Rhythm games are super fun, and while every game genre can’t possibly benefit from the rhythm game treatment, others are surprising fits. Crypt of the Necrodancer proved that such a genre crossover would be extremely popular. I recently played BPM: Bullets Per Minute which adds rhythm game elements to the first person shooter genre. Rhythm Fighter takes the rhythm game concept and applies it to the beat’em up genre.
Rhythm Fighter is a 2D side scrolling rhythm roguelike brawler. In it, you play as one of several animal characters who wield music-based powers. Every action you perform must be done on the beat—from moving to attacking. You can roll, jump, use your special item and attack using your weapon. It’s a simple concept, made a little bit more complicated by being a rhythm game. But unlike BPM: Bullets Per Minute where you have to dodge, aim, shoot, and more while sticking to the beat, Rhythm Fighter’s 2D perspective makes sticking to the beat a little easier. Though there is a bit of a challenge to get used to the “preferred” control scheme.

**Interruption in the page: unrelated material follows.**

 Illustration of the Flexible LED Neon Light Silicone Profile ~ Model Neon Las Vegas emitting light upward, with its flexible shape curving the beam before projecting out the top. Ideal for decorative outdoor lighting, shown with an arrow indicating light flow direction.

When using a controller there are two control schemes. There is a simple scheme that allows you to easily jump into the action, with fewer buttons being used for moving and attacking, but it’s also less precise, since it makes you turn to face your enemies. The more “advanced” control scheme, on the other hand, is hard to master, but allows you to deal with threats on both sides without having to turn around. While I used the advanced control scheme—and a controller—for my playthrough, I still, after several hours, struggled with the unintuitive controls. For instance, using your character’s special ability “to the right” is the “A” button on an Xbox controller, and using it to the left requires you to push down on the D-Pad, two buttons I don’t really associate with each other for the same move in the opposite direction.
Rhythm Fighter is a brightly colored game with pretty good music that keeps you hopping and fighting to the beat. You play as one of a few different fighters, imbued with the power of beat, and tasked with defeating the world’s vegetables after they have turned into evil minions for the invading Commander Chaos. It’s whimsical and obviously doesn’t take itself too seriously.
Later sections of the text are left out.